■ Provided data:
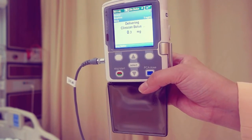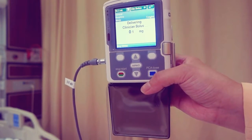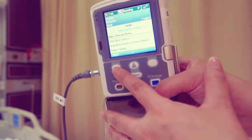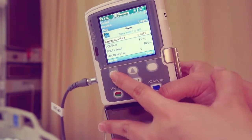After the desired value is delivered, clinician bolus complete displays. Press ok. Never leave the pump unattended while on the clinician bolus edit screen. You must press back to go to the home screen.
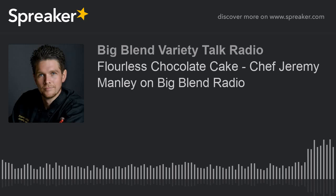Known as San Diego's sustainable chef, Jeremy Manley is back on Big Blend Radio's Eat, Drink, and Be Merry show today to teach us how to make a flourless chocolate cake. Gluten-free people are going to want this. It is decadence, and Chef Jeremy knows all about decadence. He is the owner and executive chef of Jeremy's on the Hill, a California-style bistro in Julian. Go to jeremysonthehill.com — you'll see his recipes and videos there.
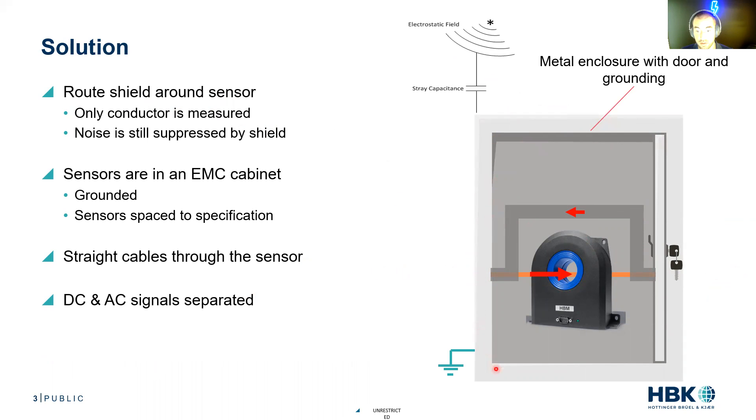We have a metal enclosure that picks up those electrostatic fields and stray capacitances, and we practice proper grounding techniques with the door and the cabinet. The sensors are in an EMC cabinet, it's grounded, and the sensors are spaced to specification with straight cables going through the sensor. We want straight runs through the sensor — bus bars are your best option. If you start bending the cable, you get edging effects through the sensor.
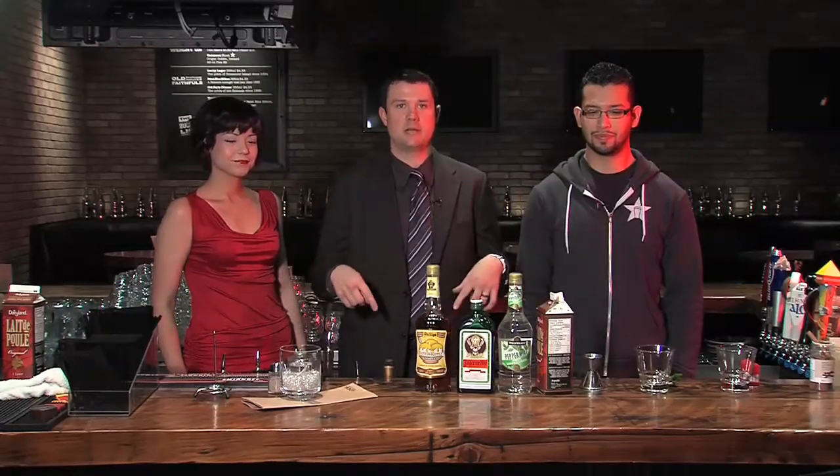We are down here behind the bar at Local Public Eatery with Walter and Christina, who has generously accepted the request to be our drink tester for the morning. Thank you for stepping up for that. No problem, we appreciate that. Alright Walter, what are we doing? It is the Christmas season. Obviously, people are going to be having some adult beverages when they get together with family, eating some turkey. We're going to show them how to make a couple of drinks at home. The main ingredient we're using today is eggnog.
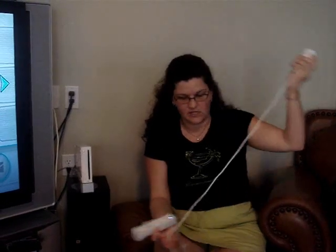The nunchuck has the joystick on the front and a couple other buttons. The way that you work this is that it actually goes into this controller and you can use both at the same time. This is the only true wireless piece and then this works off of it, so you have to have both at the same time.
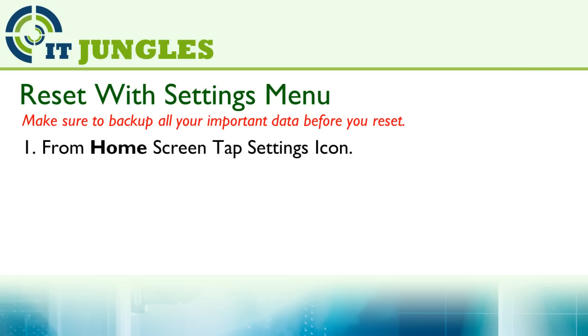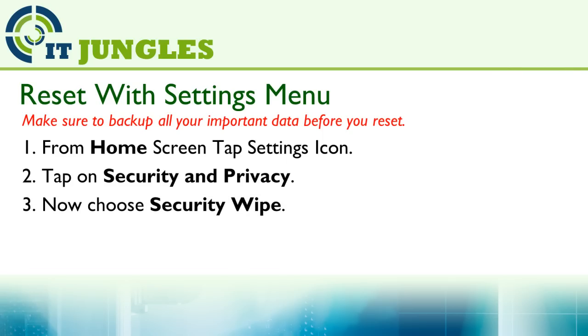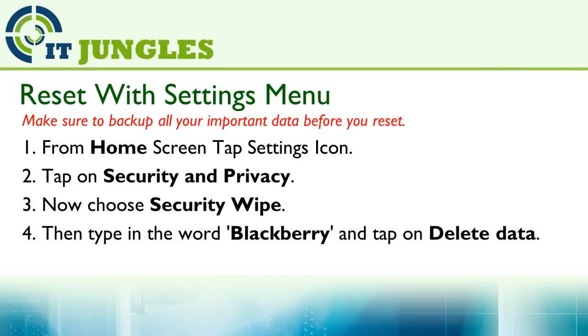From the home screen, tap on the settings icon, then tap on Security and Privacy, then choose Security Wipe. Next, you want to type in the word 'Blackberry' and tap on Delete Data.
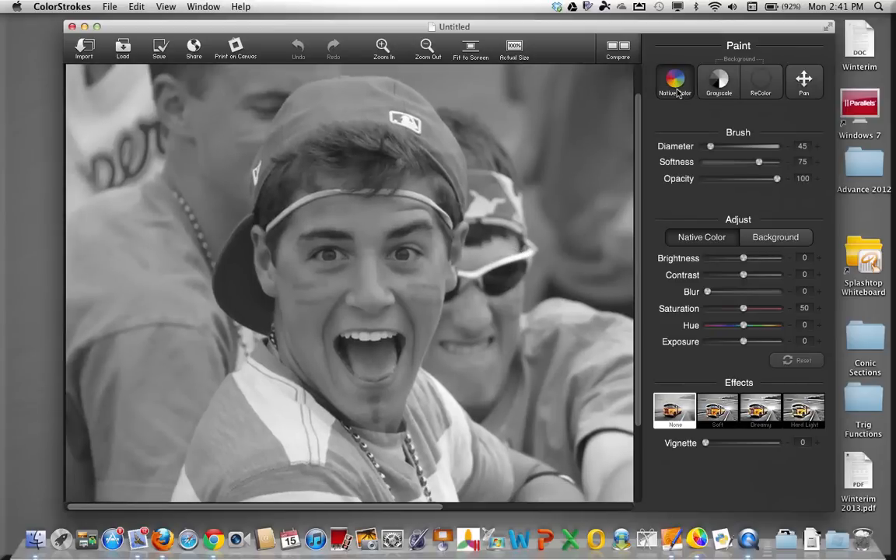And then you go to this little button called Native Color. I'm going to leave the brush diameter fairly wide because I'm going to be doing this quickly and probably a little bit sloppily — you can fine tune it as you'd like. But basically, you'll see what happens as I begin to rub this little circle over the photograph. I'm not being terribly careful here; I would choose a much smaller brush if I were trying to fine tune it.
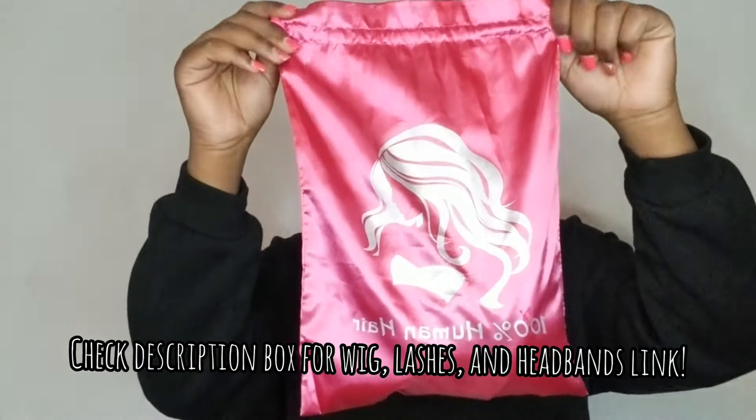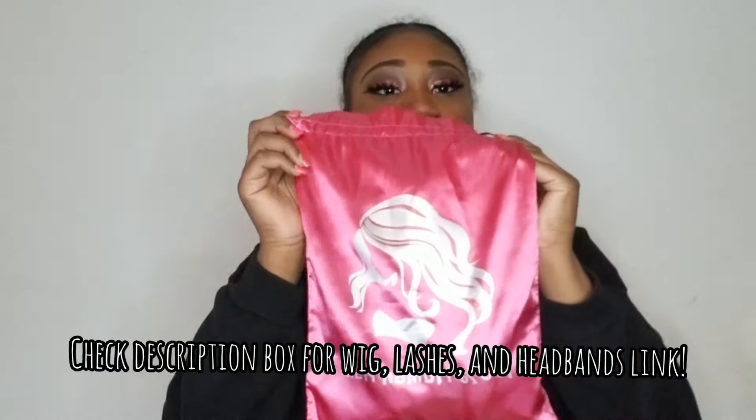So this is the bag that it came in — it says 100% human hair. It came with two headbands; this one here is my favorite. I wore this one already and it was cute to me.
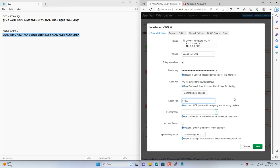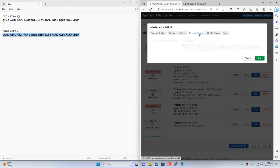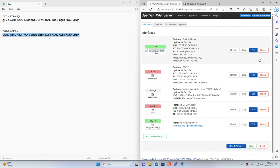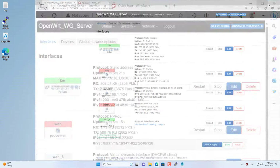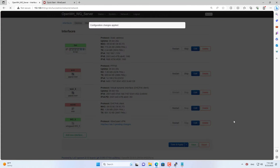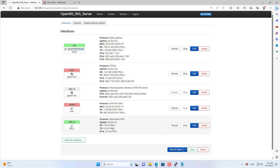You set the port to 51820 for this interface. Next you assign the IP address to the WireGuard interface — here I assign it to 10.14.0.1. Then you go to Firewall settings and assign this interface to the area named LAN. At this step, you have completed creating a new WireGuard interface on the OpenWRT router.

■ Work to be completed:
Put each line of the listing above into the copy exactly, dropping the pictures.

■ Solution:
After the desired value is delivered, clinician bolus complete displays. Press ok. Never leave the pump unattended while on the clinician bolus edit screen. You must press back to go to the home screen.
Known as San Diego's sustainable chef, Jeremy Manley is back on Big Blend Radio's Eat, Drink, and Be Merry show today to teach us how to make a flourless chocolate cake. Gluten-free people are going to want this. It is decadence, and Chef Jeremy knows all about decadence. He is the owner and executive chef of Jeremy's on the Hill, a California-style bistro in Julian. Go to jeremysonthehill.com — you'll see his recipes and videos there.
We have a metal enclosure that picks up those electrostatic fields and stray capacitances, and we practice proper grounding techniques with the door and the cabinet. The sensors are in an EMC cabinet, it's grounded, and the sensors are spaced to specification with straight cables going through the sensor. We want straight runs through the sensor — bus bars are your best option. If you start bending the cable, you get edging effects through the sensor.
We are down here behind the bar at Local Public Eatery with Walter and Christina, who has generously accepted the request to be our drink tester for the morning. Thank you for stepping up for that. No problem, we appreciate that. Alright Walter, what are we doing? It is the Christmas season. Obviously, people are going to be having some adult beverages when they get together with family, eating some turkey. We're going to show them how to make a couple of drinks at home. The main ingredient we're using today is eggnog.
The nunchuck has the joystick on the front and a couple other buttons. The way that you work this is that it actually goes into this controller and you can use both at the same time. This is the only true wireless piece and then this works off of it, so you have to have both at the same time.
From the home screen, tap on the settings icon, then tap on Security and Privacy, then choose Security Wipe. Next, you want to type in the word 'Blackberry' and tap on Delete Data.
And then you go to this little button called Native Color. I'm going to leave the brush diameter fairly wide because I'm going to be doing this quickly and probably a little bit sloppily — you can fine tune it as you'd like. But basically, you'll see what happens as I begin to rub this little circle over the photograph. I'm not being terribly careful here; I would choose a much smaller brush if I were trying to fine tune it.
So this is the bag that it came in — it says 100% human hair. It came with two headbands; this one here is my favorite. I wore this one already and it was cute to me.
You set the port to 51820 for this interface. Next you assign the IP address to the WireGuard interface — here I assign it to 10.14.0.1. Then you go to Firewall settings and assign this interface to the area named LAN. At this step, you have completed creating a new WireGuard interface on the OpenWRT router.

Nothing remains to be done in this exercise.